KİRA ÖDENMEMESİ VE İHTİYAÇ HALİNDE TESPİT VE TAHLİYE DAVASI AÇILABİLİR
Konutlarda tespit ve tahliye davasının kiracının kira ödememesi ve ev sahibinin ihtiyacı doğrultusunda açılabileceğini söyleyen Ünalmış; “Tahliye davalarının en çok görülenlerinden bir tanesi kira bedellerinin ödenmemesi. Birincisi kişi kira ödemediği takdirde kiraya verenin tahliye davası açmaya hakkı var. Tahliye davası açmak için ise 2 kira ödememe koşulu vardır. İkincisi ise ihtiyaç sebebiyle tahliye davası açabilir. İhtiyaç sahipleri ise kişinin, eşi, alt soyu, üst soyu ya da bakmakla yükümlü olduğu kişilerin o konutu kullanacağı gerekçesiyle mevcut kiracıyı çıkartma ya da tahliye etme gerekçesi kullanılabiliyor. Tabii ki bu ihtiyacın samimi olması gerekiyor. Samimiyetten kastımız gerçekten o evi kullanacak kişinin ya da bakmakla yükümlü olduğu kişinin gerçekten o evi kullanacak olması gerekiyor. İhtiyaç sebebiyle bir tahliye gerçekleştirebilmek için ise kira döneminin sonundan en az 15 gün öncesinde eline geçecek şekilde bir tahliye ihtarnamesi kiraya verenin göndermesi gerekiyor. Bu koşulu gerçekleştirdikten sonra kira dönemi sonundan itibaren 1 ay içerisinde tahliye davasını açmak zorunda. Yine taşınmazın el değiştirmesi sebebiyle bir tahliye davası açılabilir. Yeni malik, kendi ihtiyacı bulunduğu ya da yine alt soyu, üst soyu, eşinin ihtiyacı ya da bakmakla yükümlü olduğu kişilerin ihtiyacı sebebiyle bir tahliye davası açabilir. Bunun için de taşınmazı edindiği tarihten itibaren 1 ay içerisinde kiracısına bir ihtarname göndermesi gerekiyor ve bundan sonra 6 ay içerisinde tahliye davası açmak zorunda. Gerçekleştirmez ise kira dönemleri uzamış sayılıyor. Sözleşmenin süresine göre 1-2 yıl uzamış sayılıyor. Buna da dikkat etmek gerekiyor” ifadelerine yer verdi.

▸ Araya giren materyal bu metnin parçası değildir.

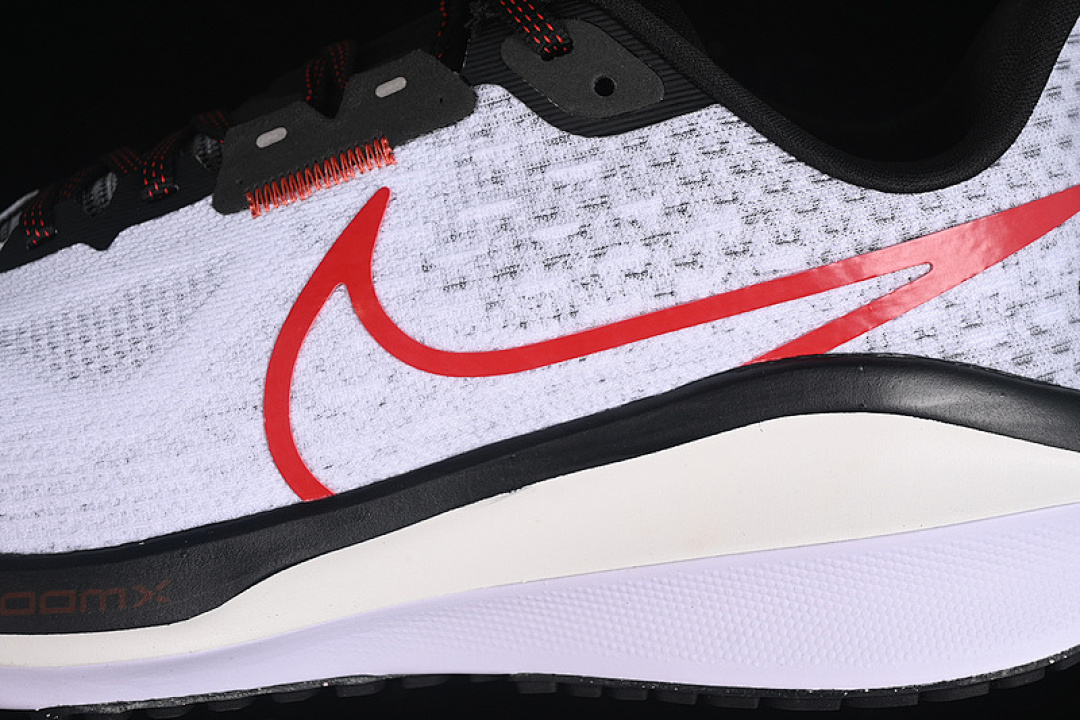 Nike [FB1309-103]-[AIR ZOOM VOMERO 17 WHITE/FIRE RED/PLATINUM TINT/BLACK]-[MAN:39-46] - Image 8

KİRACILAR, EV SAHİBİNDEN TAZMİNAT ALABİLİRLER
Konut sahibinin ihtiyaç gerekçesinde samimiyetin olmaması ve ispatlanması halinde kiracıların ev sahibine dava açarak tazminat alabileceklerini belirten Hukukçu Niyazi Ünalmış; “Belirtmiş olduğumuz bu ihtiyaçların samimi olması ve ispatlanması halinde kiracı, kiraya verenden tazminat isteyebilir. Borçlar Kanunu’na göre, eğer ihtiyacın samimi olmadığı anlaşılır ise tazminat isteyebilir. Yine ihtiyaçlar doğrultusunda bir yakınının oturacağını söyleyerek kiracıyı tahliye ettikten sonra oraya bir yakını oturmaz ise kiraya verenin taşınmazına 3 yıl kiraya verme yasağı konur. O süre içerisinde kiraya verilir ise yine kiracı tazminat davası açabilir” dedi.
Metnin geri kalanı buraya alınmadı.